* _What you will do_
The lines in the listing below are to be given again exactly, starting at the line holding "State Of The" and ending at the line holding "confirmed-battery-types-jpg.webp". Do not include pictures.

* _Task material_
▬▬▬

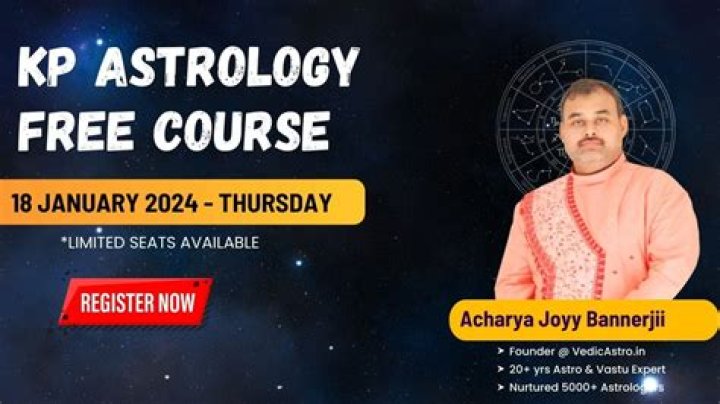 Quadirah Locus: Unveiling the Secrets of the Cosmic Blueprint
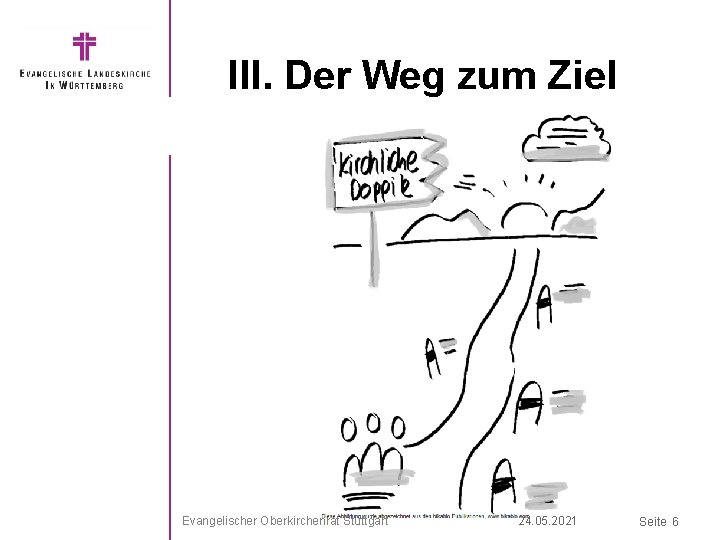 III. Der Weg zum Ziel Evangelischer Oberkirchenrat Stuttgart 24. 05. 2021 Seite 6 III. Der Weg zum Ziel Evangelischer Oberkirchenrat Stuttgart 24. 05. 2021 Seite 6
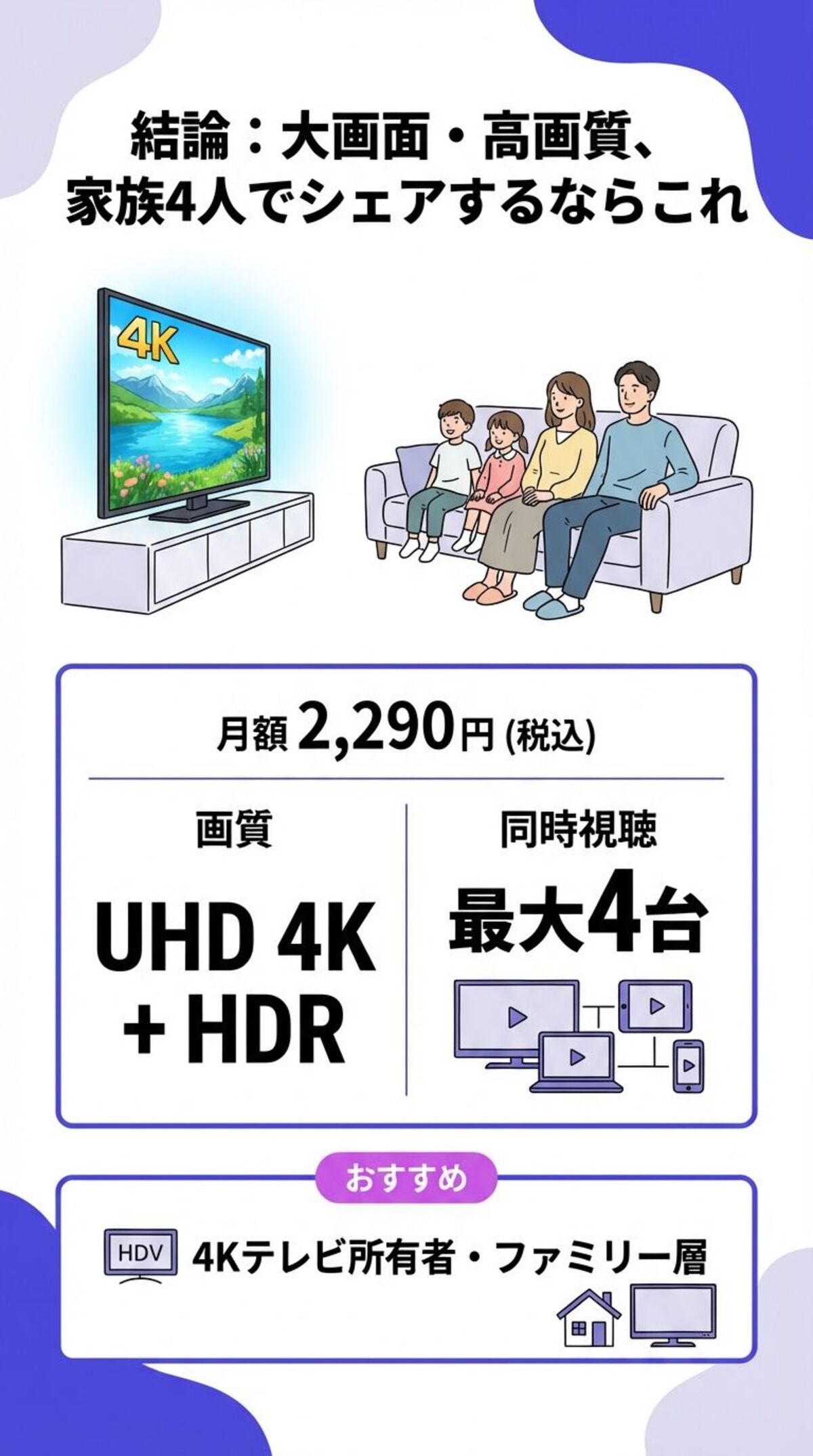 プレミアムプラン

▬▬▬

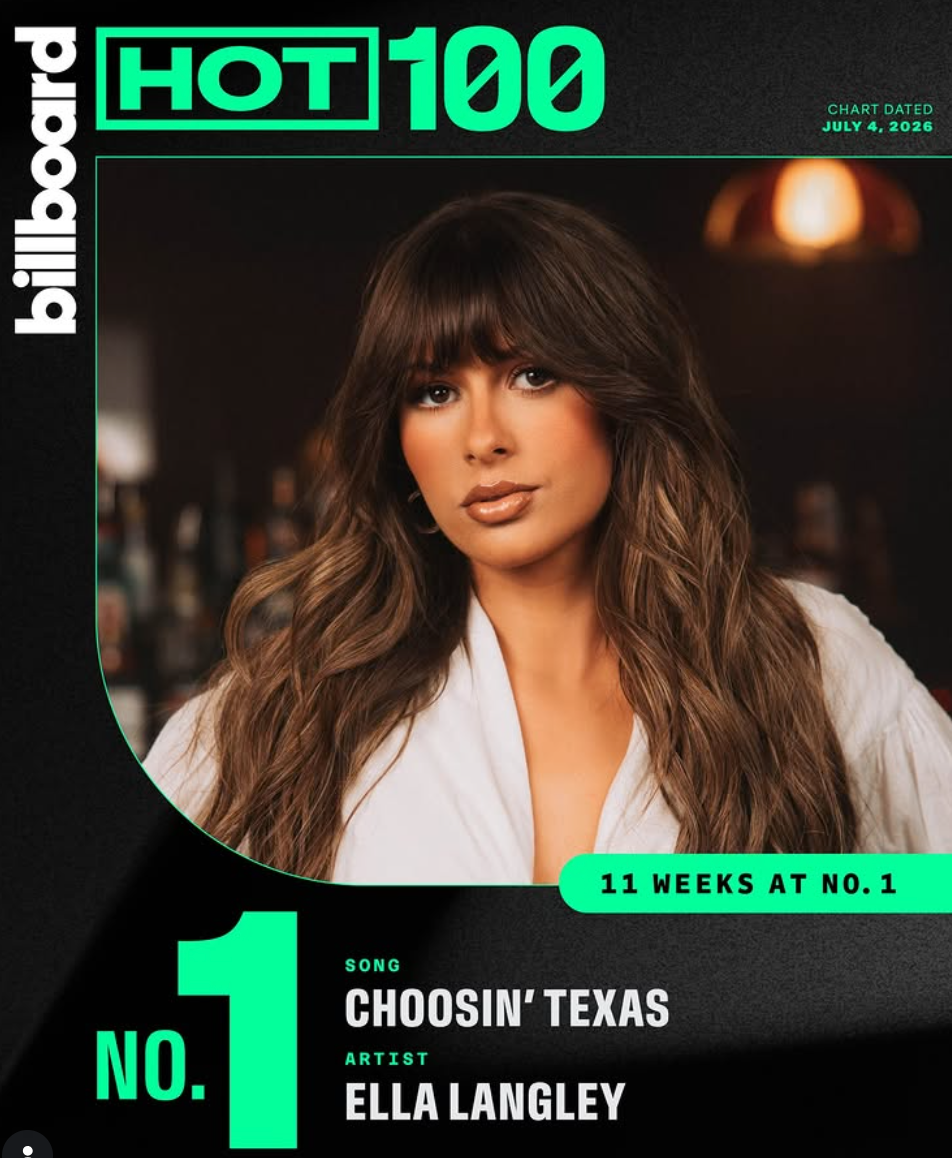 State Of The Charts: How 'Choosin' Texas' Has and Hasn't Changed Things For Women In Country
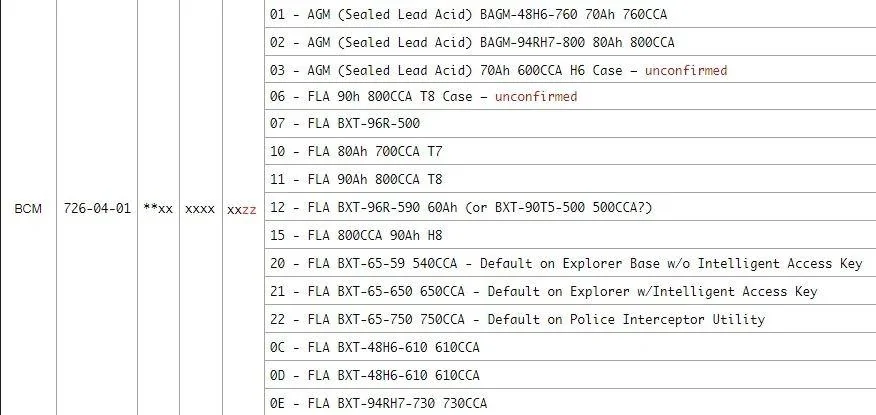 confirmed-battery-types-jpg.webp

▬▬▬

* _Your response_
 State Of The Charts: How 'Choosin' Texas' Has and Hasn't Changed Things For Women In Country
 confirmed-battery-types-jpg.webp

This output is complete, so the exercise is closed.